Why does design matter?
Designers are able to engage with and respond to the provocations thrown at us in the 21st century - like global warming, water-pollution, resource depletion, famine, the ageing population, inequity in society. There are not enough designers trained to engage with these big problems, or to understand how to collaborate or co-create rather than exist as isolated individuals. Most of the projects I set are around doing good by design, they're about socially responsible design. Like a project at the moment which looks at producing biodegradable furniture that can be recycled at the end of its lifespan; and one exploring the bathroom of the future, designed for our ageing population.
How do students become designers, how do they learn to use design to meet challenges?

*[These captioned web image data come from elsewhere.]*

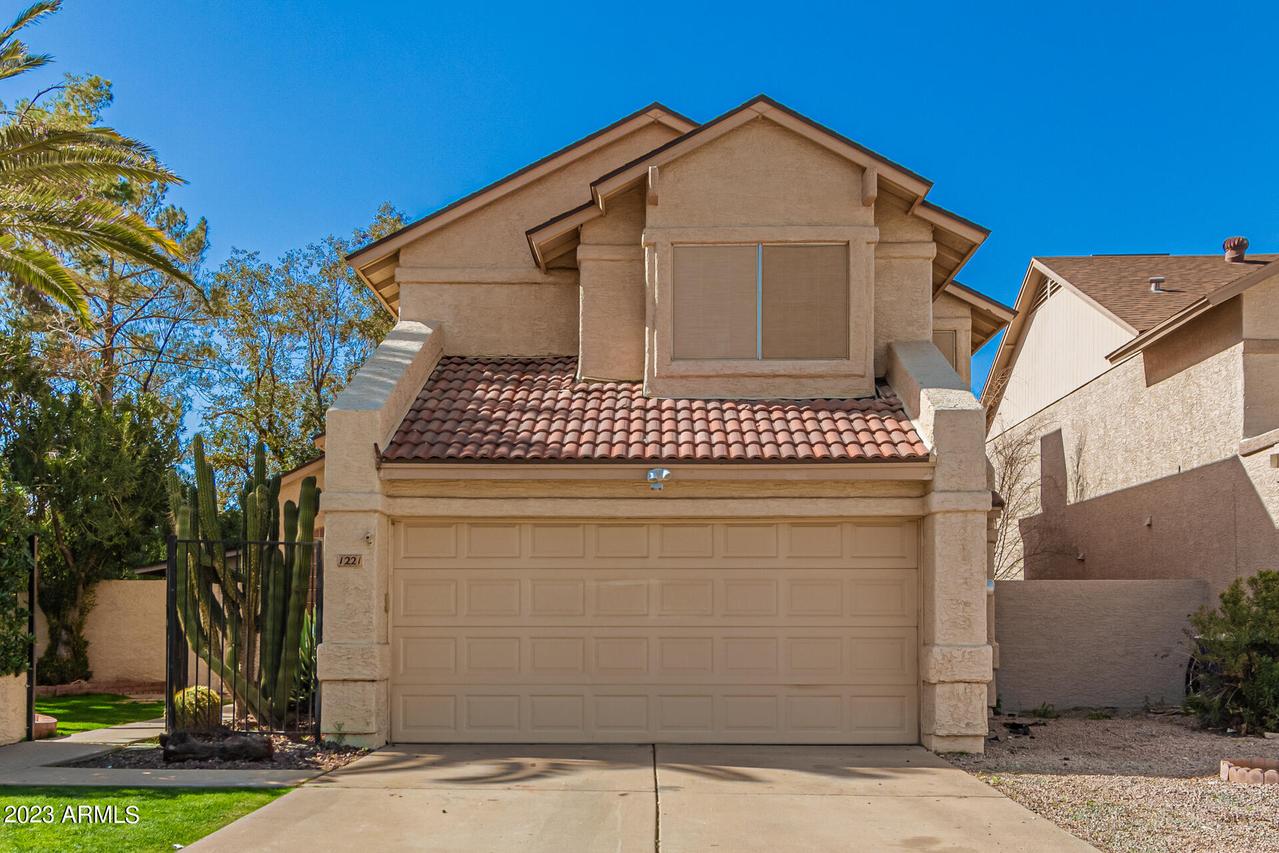 1221 W Calle Del Norte, Chandler, AZ 85224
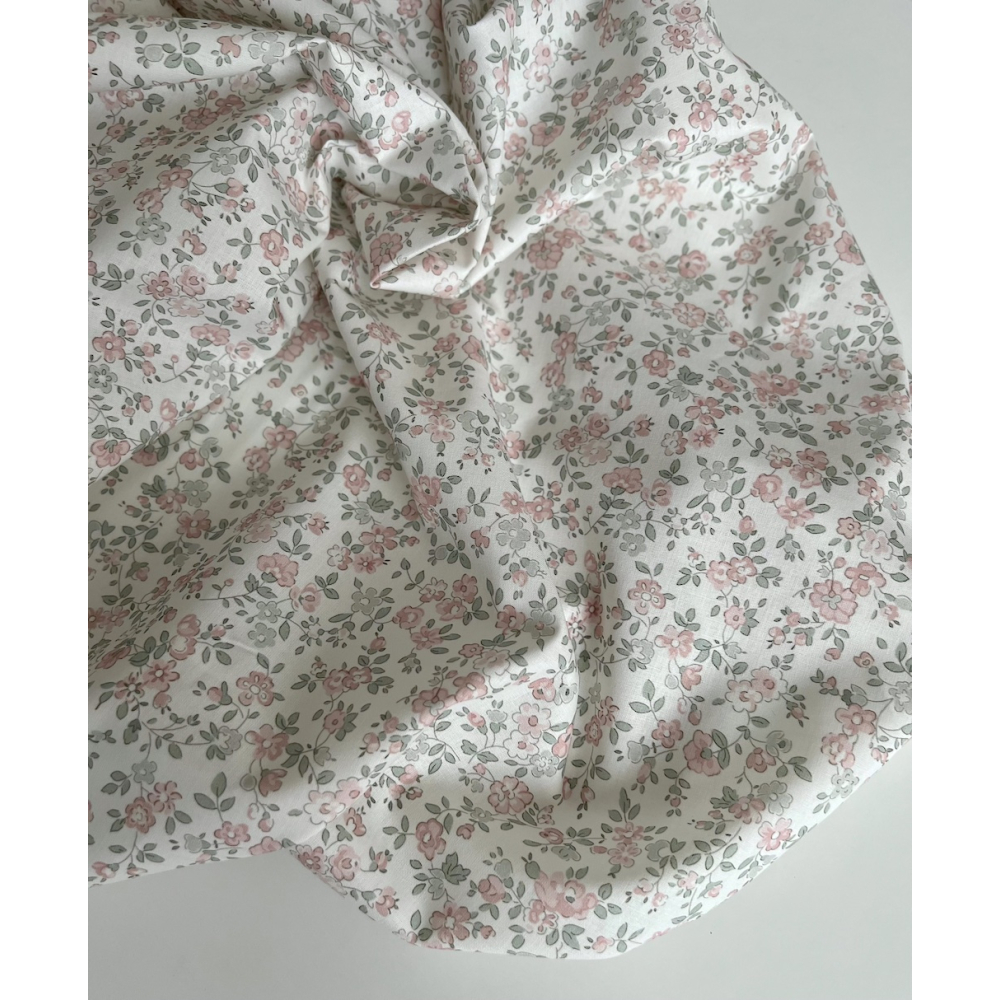 June - Popeline de coton douce BIO imprimé fleuri vert sauge et rose Tissus issus de l'agriculture biologique  - 5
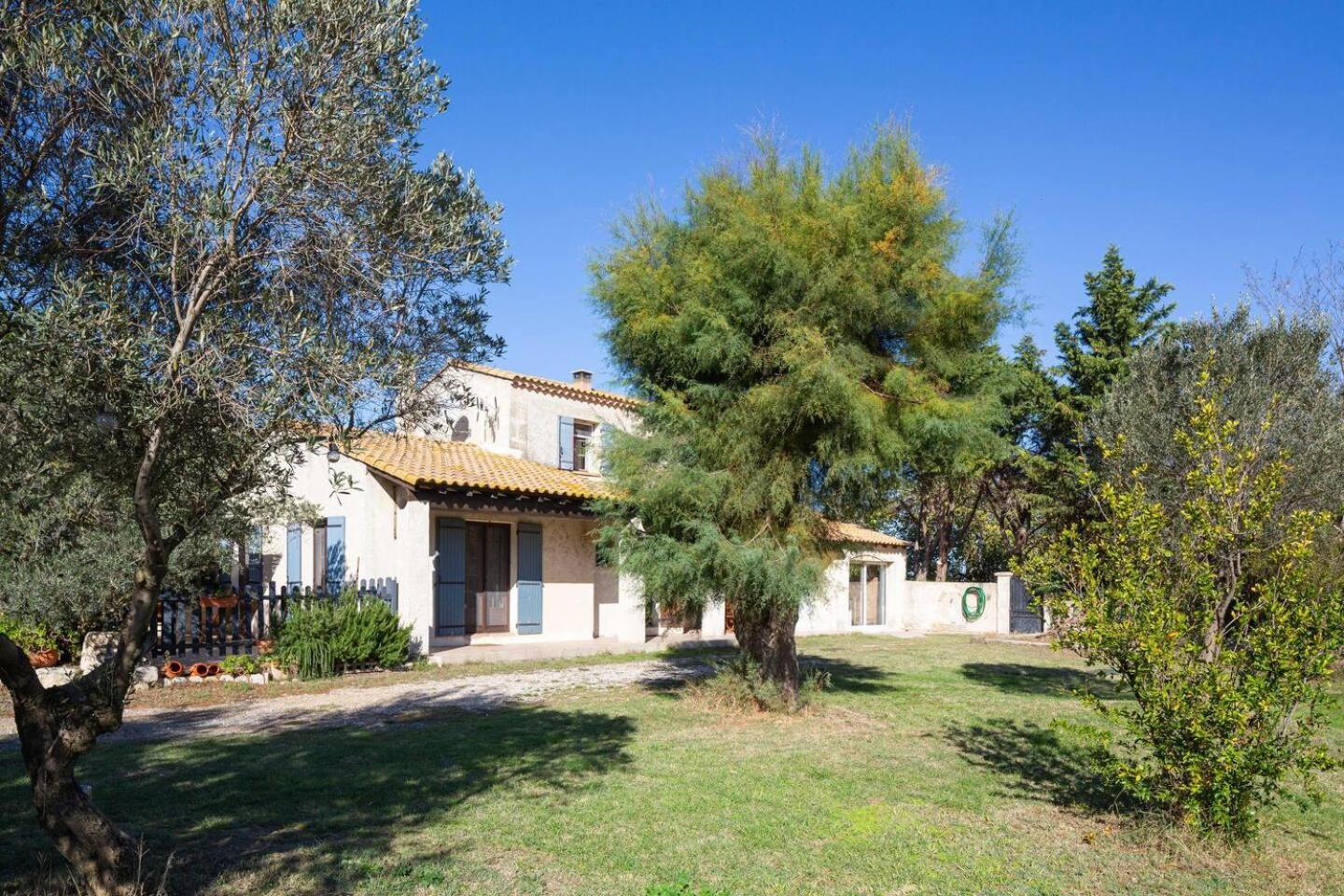 Mas Provencal De 120M2 En Camargue, Avec Piscine Et Parking Inclus, Ideal Pour Des Vacances Арль Екстер'єр фото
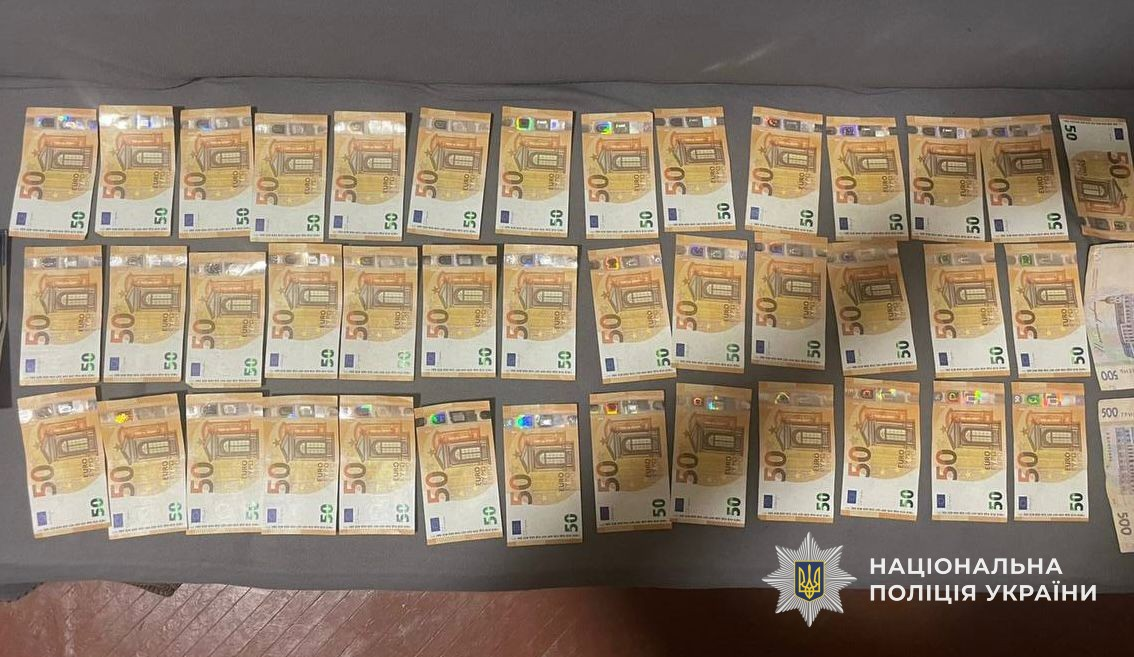 На в’їзді до Закарпаття затримали переправника військовозобов’язаних, який віз чоловіків під виглядом опломбованого вантажу				
   
Події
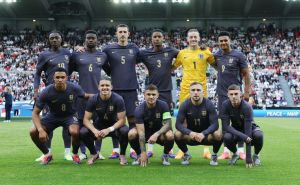 Posustala hrabra odbrana Zmajeva: Englezi poveli sa bijele tačke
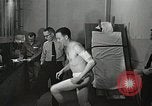 Immagine di Astronauta subisce il test Ohio United States USA, 1959, secondo 22 filmato di repertorio 65675023393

We challenge students to be observant, to be 'investigative translators' - finding what needs doing and understanding what are vital starting points in the design process. Then it's about applying a well-developed design process that interrogates those starting points. Travelling is wonderful research for the designer too, seeking to understand how people live, what they need, how they communicate, celebrate, work, play. There's no better way of understanding the world we live in. We travel as part of the MA course - this year we have students heading to Germany, USA, Italy and London.

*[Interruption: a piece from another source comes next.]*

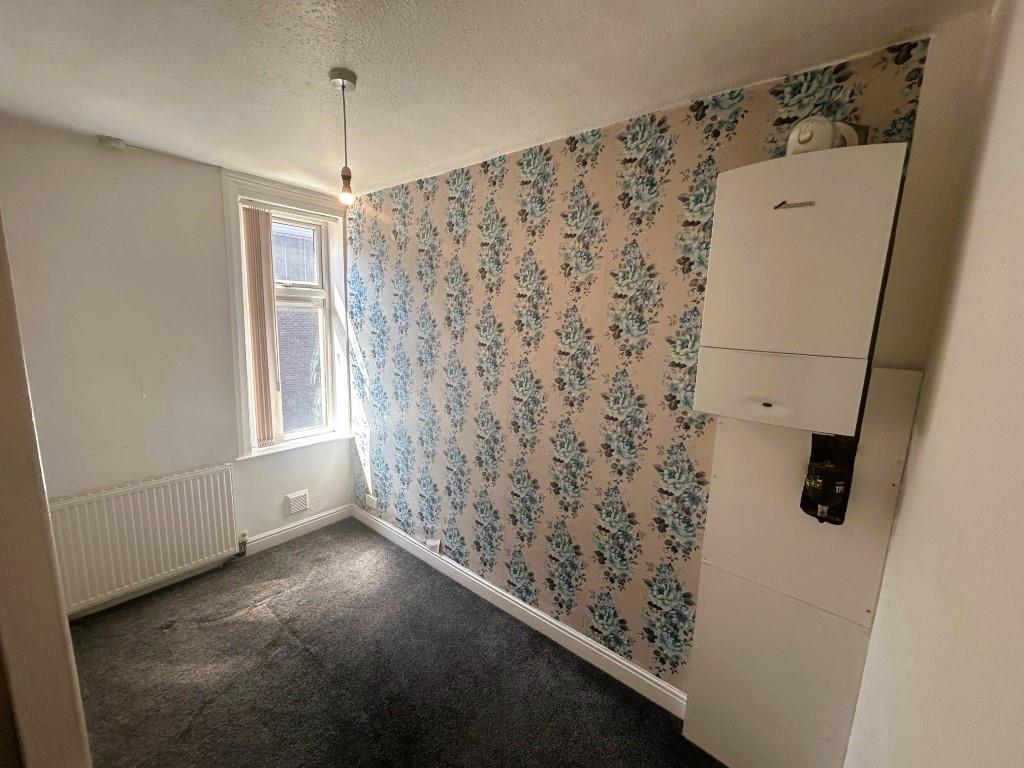 3 bed end of terrace house for sale in Bronte Street, Keighley  - Property Image 5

What about Sheffield as a city to design in? What does the place bring to the student experience?
Ours is a post-industrial city. The maze of small backstreet manufacturers means that the University and the city combine into something like a vast workshop. Here we have cutting edge technology and processes; out there students can sub-contract out components for making. The trick is to find these original, workable methods used across the city and weave our opportunities together.
Are there students on the course who are really excelling?
Several. One is now designing furniture for some of the biggest names in the market - his work is quirky - he's creative and entrepreneurial. A recent graduate, who's been exploring our attachment to products, exemplifies what I want to see in a young designer. He has his own voice, something important to say and is passionate about approaching design differently.
Is it important, that 'different approach'?
Yes. Creativity, research and critical enquiry are the primary tools in developing original design. My own great teachers, at Ravensbourne then at the Royal College of Art, were inspirational and helped me see the world differently.
Does your teaching at the Institute do that?
Well I think a student's time at design school is transformational anyway - besides the obvious aspect of learning how to improve and apply creativity, there are the other things such as building networks, understanding enterprise and entrepreneurship, friendship building and up-skilling. Good design schools provide a safe environment within which creative risk-taking can occur - it is rare that such a place can be found outside of a design school.